● **EXERCISE DIRECTIONS**: Retype exactly the lines that run from the line with "Edith Wharton: The" to the final line of the entries, keeping both ends and nothing else.

● **DATA RECORDS**:
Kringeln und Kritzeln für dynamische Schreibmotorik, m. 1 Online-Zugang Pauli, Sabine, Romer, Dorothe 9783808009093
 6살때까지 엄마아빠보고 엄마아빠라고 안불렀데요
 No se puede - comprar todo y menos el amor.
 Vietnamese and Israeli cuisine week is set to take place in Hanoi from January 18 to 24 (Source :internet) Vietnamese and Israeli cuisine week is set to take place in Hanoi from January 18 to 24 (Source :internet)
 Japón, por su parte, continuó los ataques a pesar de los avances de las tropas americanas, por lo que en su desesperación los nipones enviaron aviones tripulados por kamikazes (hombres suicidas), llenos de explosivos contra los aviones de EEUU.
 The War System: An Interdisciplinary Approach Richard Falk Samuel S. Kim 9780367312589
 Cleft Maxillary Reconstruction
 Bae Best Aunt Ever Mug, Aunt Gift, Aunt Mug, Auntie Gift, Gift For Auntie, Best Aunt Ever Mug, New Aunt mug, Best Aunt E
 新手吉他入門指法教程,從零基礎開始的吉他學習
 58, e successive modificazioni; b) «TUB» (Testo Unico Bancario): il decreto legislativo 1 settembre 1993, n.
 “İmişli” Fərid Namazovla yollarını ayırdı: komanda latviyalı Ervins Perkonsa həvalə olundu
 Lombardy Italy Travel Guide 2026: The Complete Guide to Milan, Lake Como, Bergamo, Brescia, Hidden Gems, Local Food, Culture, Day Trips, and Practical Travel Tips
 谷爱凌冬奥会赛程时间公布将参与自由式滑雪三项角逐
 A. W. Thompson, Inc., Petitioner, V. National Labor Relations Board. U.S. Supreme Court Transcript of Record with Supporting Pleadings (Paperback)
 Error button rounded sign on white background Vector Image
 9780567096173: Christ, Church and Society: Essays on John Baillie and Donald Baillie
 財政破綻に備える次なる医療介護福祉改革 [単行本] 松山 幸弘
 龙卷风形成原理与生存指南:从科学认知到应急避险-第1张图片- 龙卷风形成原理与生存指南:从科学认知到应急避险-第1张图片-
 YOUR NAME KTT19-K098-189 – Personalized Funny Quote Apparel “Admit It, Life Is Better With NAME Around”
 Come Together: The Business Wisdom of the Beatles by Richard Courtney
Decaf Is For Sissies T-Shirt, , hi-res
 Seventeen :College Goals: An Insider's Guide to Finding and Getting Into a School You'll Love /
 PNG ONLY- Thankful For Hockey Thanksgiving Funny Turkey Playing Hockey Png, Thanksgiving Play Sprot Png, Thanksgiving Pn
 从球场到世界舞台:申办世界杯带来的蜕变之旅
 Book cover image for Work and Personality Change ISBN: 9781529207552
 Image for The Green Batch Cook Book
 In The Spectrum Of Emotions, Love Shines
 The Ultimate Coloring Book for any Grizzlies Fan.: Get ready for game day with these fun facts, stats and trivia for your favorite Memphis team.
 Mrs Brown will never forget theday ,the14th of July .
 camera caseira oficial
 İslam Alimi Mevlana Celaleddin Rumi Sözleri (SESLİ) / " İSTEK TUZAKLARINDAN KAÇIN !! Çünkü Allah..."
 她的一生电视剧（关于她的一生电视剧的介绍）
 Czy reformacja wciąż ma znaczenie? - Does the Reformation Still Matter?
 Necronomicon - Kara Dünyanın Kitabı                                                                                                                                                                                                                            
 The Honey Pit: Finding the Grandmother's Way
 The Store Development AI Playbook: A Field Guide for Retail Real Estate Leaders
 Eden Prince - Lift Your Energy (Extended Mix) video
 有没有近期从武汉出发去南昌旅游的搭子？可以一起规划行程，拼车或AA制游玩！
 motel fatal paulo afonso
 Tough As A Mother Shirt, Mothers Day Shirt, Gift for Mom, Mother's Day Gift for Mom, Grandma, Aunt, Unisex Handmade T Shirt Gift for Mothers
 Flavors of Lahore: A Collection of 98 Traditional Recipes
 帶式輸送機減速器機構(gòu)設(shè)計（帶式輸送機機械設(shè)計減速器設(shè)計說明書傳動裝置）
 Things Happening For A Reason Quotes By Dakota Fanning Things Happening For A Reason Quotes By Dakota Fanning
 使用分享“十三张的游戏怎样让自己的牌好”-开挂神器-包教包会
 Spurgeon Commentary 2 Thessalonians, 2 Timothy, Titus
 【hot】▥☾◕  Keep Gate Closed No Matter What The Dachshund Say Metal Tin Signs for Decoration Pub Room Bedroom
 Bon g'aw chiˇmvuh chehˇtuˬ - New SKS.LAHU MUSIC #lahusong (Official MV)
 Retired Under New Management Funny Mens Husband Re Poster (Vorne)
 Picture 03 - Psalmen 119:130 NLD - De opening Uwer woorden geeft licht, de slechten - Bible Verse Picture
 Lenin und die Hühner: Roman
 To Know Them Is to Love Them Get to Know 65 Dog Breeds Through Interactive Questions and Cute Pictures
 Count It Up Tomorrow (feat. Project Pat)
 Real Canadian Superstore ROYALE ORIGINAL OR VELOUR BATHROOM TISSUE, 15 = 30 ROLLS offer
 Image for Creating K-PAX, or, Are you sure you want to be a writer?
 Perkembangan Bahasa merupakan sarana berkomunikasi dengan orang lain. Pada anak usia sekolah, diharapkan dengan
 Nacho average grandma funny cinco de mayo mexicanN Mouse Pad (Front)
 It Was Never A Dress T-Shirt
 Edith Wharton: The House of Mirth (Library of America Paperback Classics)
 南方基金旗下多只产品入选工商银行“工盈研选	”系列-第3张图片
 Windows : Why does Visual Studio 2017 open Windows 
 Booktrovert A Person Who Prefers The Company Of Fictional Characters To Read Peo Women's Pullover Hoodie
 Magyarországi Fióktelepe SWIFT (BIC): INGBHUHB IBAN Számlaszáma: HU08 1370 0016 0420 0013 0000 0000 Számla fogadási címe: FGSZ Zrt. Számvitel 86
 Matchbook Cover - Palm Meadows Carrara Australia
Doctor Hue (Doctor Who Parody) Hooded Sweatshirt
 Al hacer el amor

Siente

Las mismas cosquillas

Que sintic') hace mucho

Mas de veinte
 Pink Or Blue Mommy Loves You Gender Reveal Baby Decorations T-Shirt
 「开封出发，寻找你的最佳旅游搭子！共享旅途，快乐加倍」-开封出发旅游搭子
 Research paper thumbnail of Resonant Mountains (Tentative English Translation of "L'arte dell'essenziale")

● **REPLY**:
 Edith Wharton: The House of Mirth (Library of America Paperback Classics)
 南方基金旗下多只产品入选工商银行“工盈研选	”系列-第3张图片
 Windows : Why does Visual Studio 2017 open Windows 
 Booktrovert A Person Who Prefers The Company Of Fictional Characters To Read Peo Women's Pullover Hoodie
 Magyarországi Fióktelepe SWIFT (BIC): INGBHUHB IBAN Számlaszáma: HU08 1370 0016 0420 0013 0000 0000 Számla fogadási címe: FGSZ Zrt. Számvitel 86
 Matchbook Cover - Palm Meadows Carrara Australia
Doctor Hue (Doctor Who Parody) Hooded Sweatshirt
 Al hacer el amor

Siente

Las mismas cosquillas

Que sintic') hace mucho

Mas de veinte
 Pink Or Blue Mommy Loves You Gender Reveal Baby Decorations T-Shirt
 「开封出发，寻找你的最佳旅游搭子！共享旅途，快乐加倍」-开封出发旅游搭子
 Research paper thumbnail of Resonant Mountains (Tentative English Translation of "L'arte dell'essenziale")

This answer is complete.